RIOT FOOD HERE by Henry Tsang
Riot Food Here recalls the 1907 anti-Asian riots through the form of food offerings in 4 locations over 4 weekends. These sites track the route of the demonstration organized by Vancouver’s Asiatic Exclusion League from which a mob formed to attack Chinatown and Nihonmachi. The tastings, created by chef Kris Barnholden, reflect five cuisines that people in the area would have been eating at the time of the riot: European, Chinese, Japanese, Aboriginal and Punjabi. The project launches with a walking tour (sorry, no food that day) led by Michael Barnholden, author of “Reading the Riot Act: A Brief History of Riots in Vancouver.”
Riot Food Here stimulates dialogue and awareness of this historic event as a way to reflect upon the ongoing struggle since colonial times about who has the right to live and eat here.

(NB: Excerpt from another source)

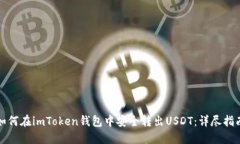 如何在imToken钱包中安全转出USDT：详尽指南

All events 2 – 4pm or until the food is gone
MONDAY MAY 21, 2018: Walking Tour with Michael Barnholden (sorry no food; meet at 2:00). Beatty Street Drill Hall, 620 Beatty Street
SUNDAY MAY 27, 2018: Beatty Street Drill Hall, 620 Beatty Street
SUNDAY JUNE 3, 2018: Former City Hall, 425 Main Street
SUNDAY JUNE 10, 2018: Dr. Sun Yat-Sen Garden, 578 Carrall Street
SUNDAY JUNE 17, 2018: Oppenheimer Park, 400 Powell Street
Henry Tsang is a visual and media artist and occasional curator based in Vancouver. His artworks incorporate digital media, video, photography, language and sculptural elements that follow the relationship between the public, community and identity through global flows of people, culture and capital. Projects include Maraya, an eight-year collaboration that investigates the reappearance of Vancouver’s False Creek in Dubai as the Dubai Marina; Orange County, and Olympus, shot in California, Beijing, Torino and Vancouver, exploring overlapping urban and socio-political spaces; and Welcome to the Land of Light, a public artwork along Vancouver’s seawall that underscores Chinook Jargon, a 19th Century local trade language, and the English that replaced it. Curatorial projects include Self Not Whole: Cultural Identity and Chinese-Canadian Artists in Vancouver (1991); Racy Sexy (1993); and City at the End of Time: Hong Kong 1997 (1997). Henry is an Associate Professor at Emily Carr University of Art & Design.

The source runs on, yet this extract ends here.